_Assignment_. Only the lines below between the ones containing "Building Photo - 3" and "Steal this oatmeal", inclusive, are to be reproduced, each exactly as it stands.

_Dataset extract_.
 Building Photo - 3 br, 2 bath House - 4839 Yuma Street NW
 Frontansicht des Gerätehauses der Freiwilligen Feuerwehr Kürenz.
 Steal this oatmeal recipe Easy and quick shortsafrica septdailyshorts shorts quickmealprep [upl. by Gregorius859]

==

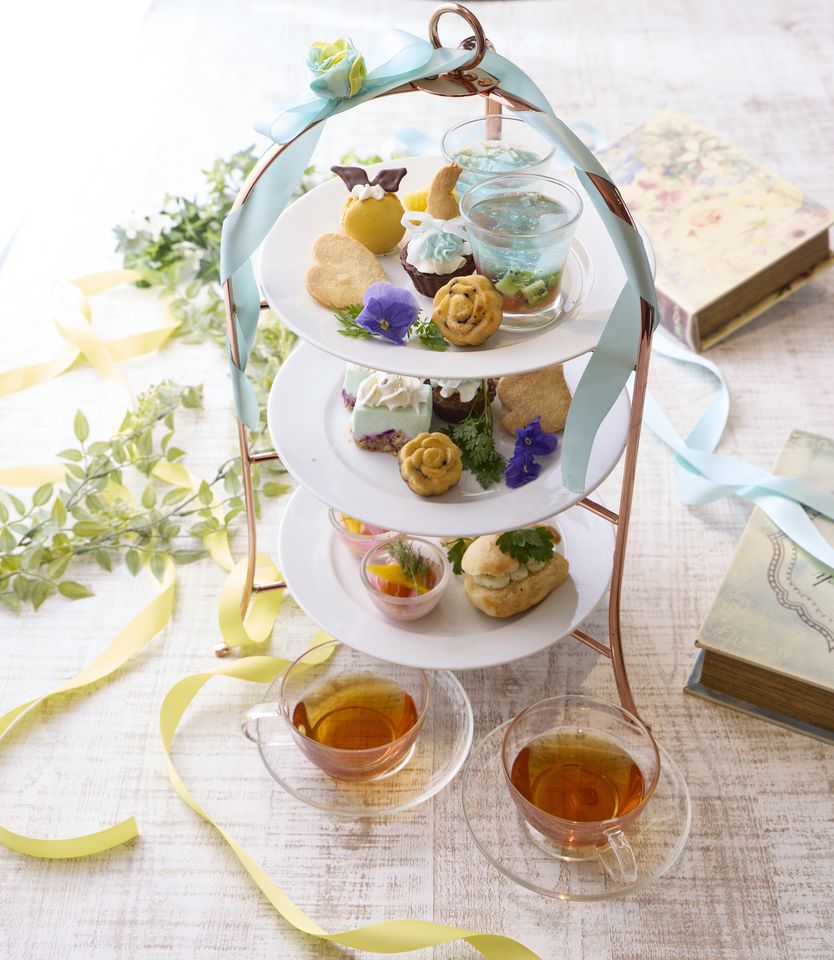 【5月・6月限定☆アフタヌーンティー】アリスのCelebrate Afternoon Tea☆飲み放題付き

_Problem solution_.
 Building Photo - 3 br, 2 bath House - 4839 Yuma Street NW
 Frontansicht des Gerätehauses der Freiwilligen Feuerwehr Kürenz.
 Steal this oatmeal recipe Easy and quick shortsafrica septdailyshorts shorts quickmealprep [upl. by Gregorius859]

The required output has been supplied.